I recommend to create multiple pairs of your profiles, one with the legacy non-refreshing token specifically for terraform, and use another for your normal operations. This will allow you to use the AWS CLI with the refreshing tokens and have the terraform backend explicitly select the legacy profile.

~/.aws/config

[profile primary]
region = <REGION>
output = json
sso_session = <SESSION_NAME>
sso_account_id = <ACCOUNT_ID>
sso_role_name = <ROLE_NAME>

# Required as terraform does not respect sso_session
[profile primary-legacy]
sso_start_url = https://<START_ID>.awsapps.com/start
sso_region = <REGION>
sso_account_id = <ACCOUNT_ID>
sso_role_name = <ROLE_NAME>
region = <REGION>
output = json

[sso-session <SESSION_NAME>]
sso_start_url = https://<START_ID>.awsapps.com/start
sso_region = <REGION>
sso_registration_scopes = sso:account:access

In your backend, configure your profile to be the legacy above.

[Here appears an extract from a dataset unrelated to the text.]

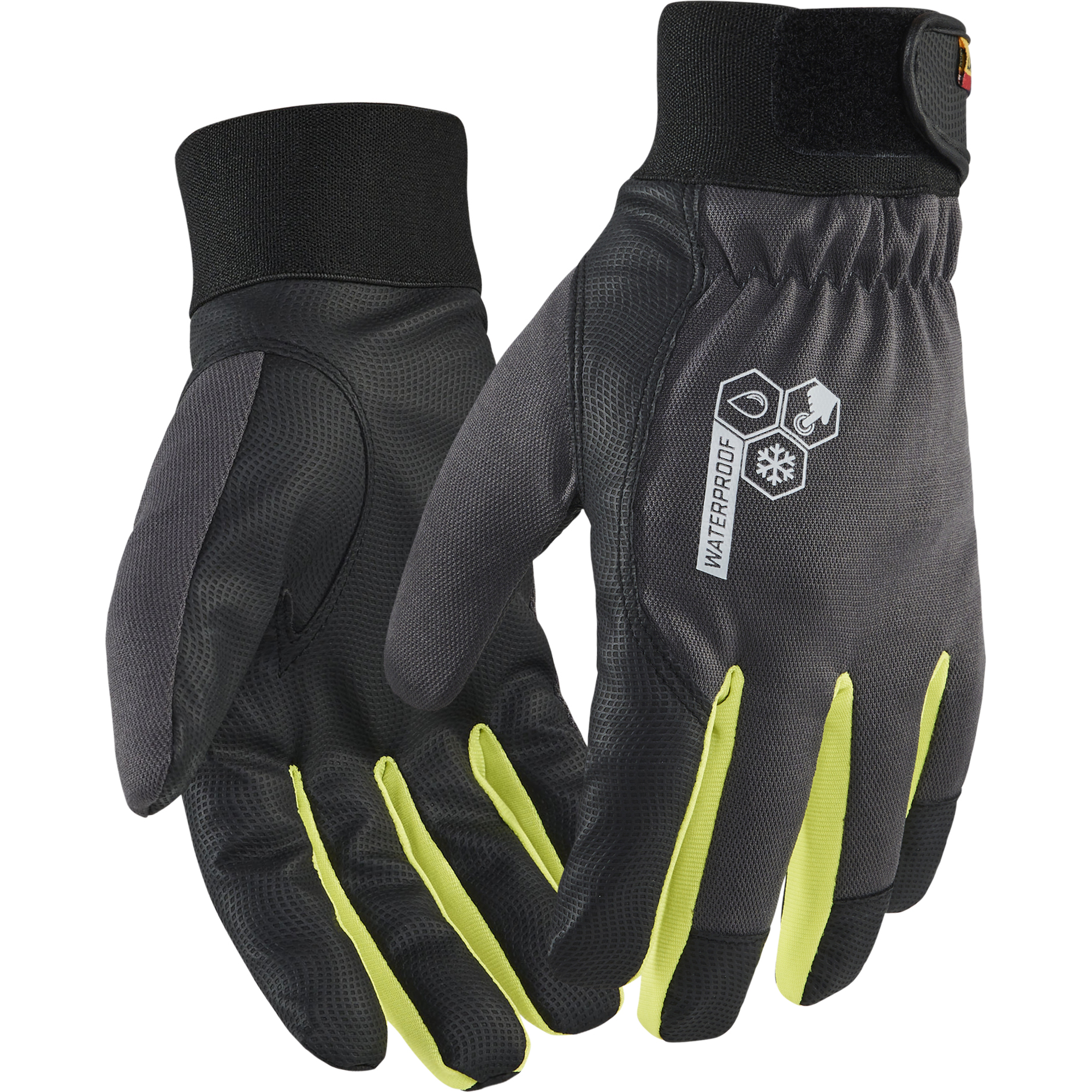 Blaklader Touch Lined Waterproof Work Glove, Anthracite Grey 6 pairs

profile = "primary-legacy"

And have your aws env set to the refresher token:

export AWS_PROFILE=primary

I believe what @brettryan mentions will work as a workaround, but what is needed is the terraform-provider-aws to support refreshable authentication tokens and to refresh those tokens when they expire.

[et304383]

How is this not resolved yet? Isn't the GO SDK supposed to handle this automatically?

[ewbankkit]

AWS SDK for Go v1 PR: aws/aws-sdk-go#4885.

[jim-barber-he]

The support for sso-session for aws-sdk-go has been merged and is now in a release.
https://github.com/aws/aws-sdk-go/releases/tag/v1.44.298

[flokli]

For posterity, this probably got fixed by the bump in #32426.

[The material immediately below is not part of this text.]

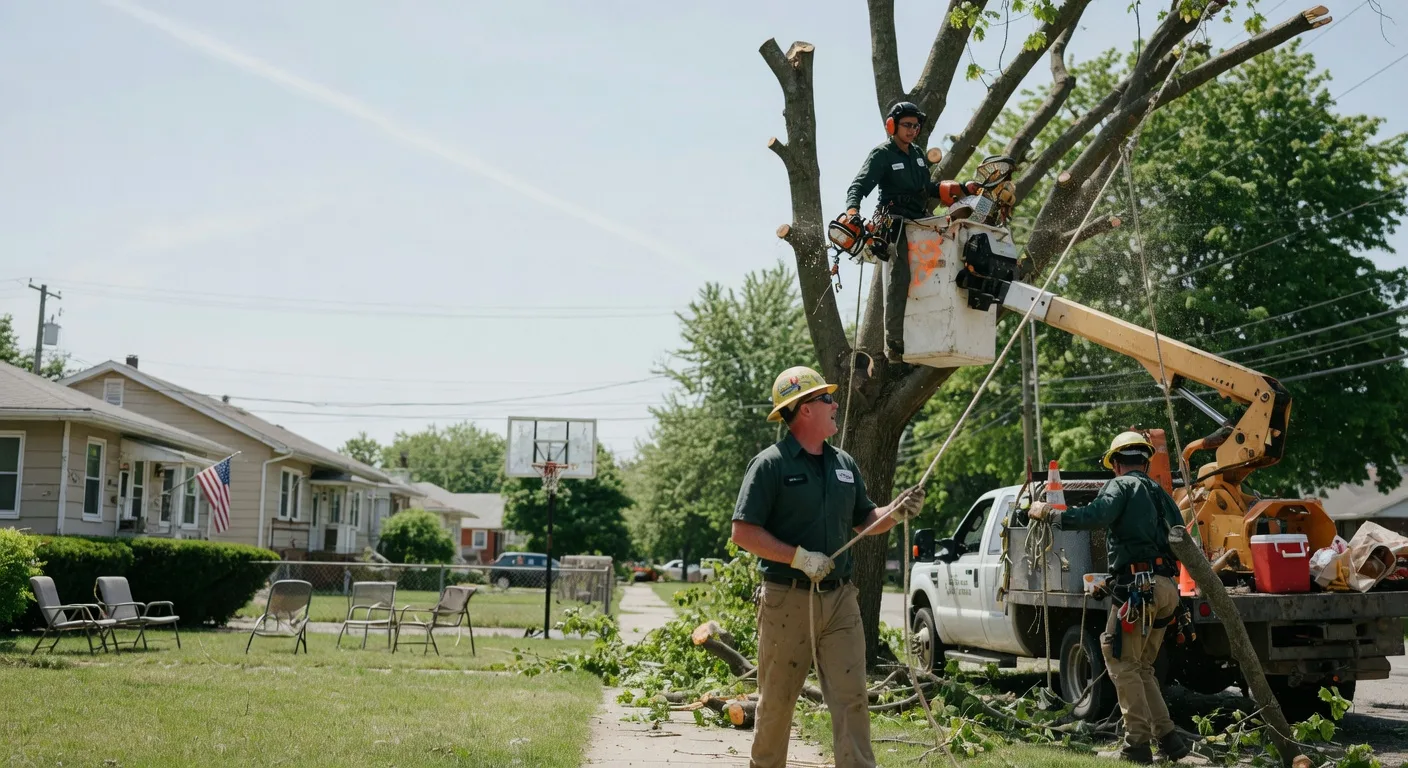 Tree Service in Sherrill, AR near me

@kurtismash pls correct me if I'm wrong ;-)

Any chance for this to end up in a release soon?

[mbokman-e2open]

I was hoping this ended up in release 5.8.0 but upgrading to that version of the aws provider still gives:

$ terraform --version
Terraform v1.5.3
on darwin_arm64
+ provider registry.terraform.io/hashicorp/aws v5.8.0
+ provider registry.terraform.io/hashicorp/cloudinit v2.2.0
+ provider registry.terraform.io/hashicorp/random v3.5.1
$ terraform init -reconfigure

Initializing the backend...
Initializing modules...
╷
│ Error: error configuring S3 Backend: Error creating AWS session: profile "<redacted>" is configured to use SSO but is missing required configuration: sso_region, sso_start_url
│ 
│ 
╵

[paul-yolabs]

This still needs to make it into a terraform release. The S3 backend code doesn't use the AWS provider, it has a parallel S3 code path. The provider works, but if you use an S3 state backend you'll still have problems until they update the SDK there.

Having new SSO support in the v1 SDK will make that easier, though.

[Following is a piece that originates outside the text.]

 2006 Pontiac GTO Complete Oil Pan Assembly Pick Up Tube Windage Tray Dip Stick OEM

Keep an eye on hashicorp/terraform#32465 (there appears to be an open PR for this now)

[github-actions]

I'm going to lock this issue because it has been closed for 30 days ⏳. This helps our maintainers find and focus on the active issues.
If you have found a problem that seems similar to this, please open a new issue and complete the issue template so we can capture all the details necessary to investigate further.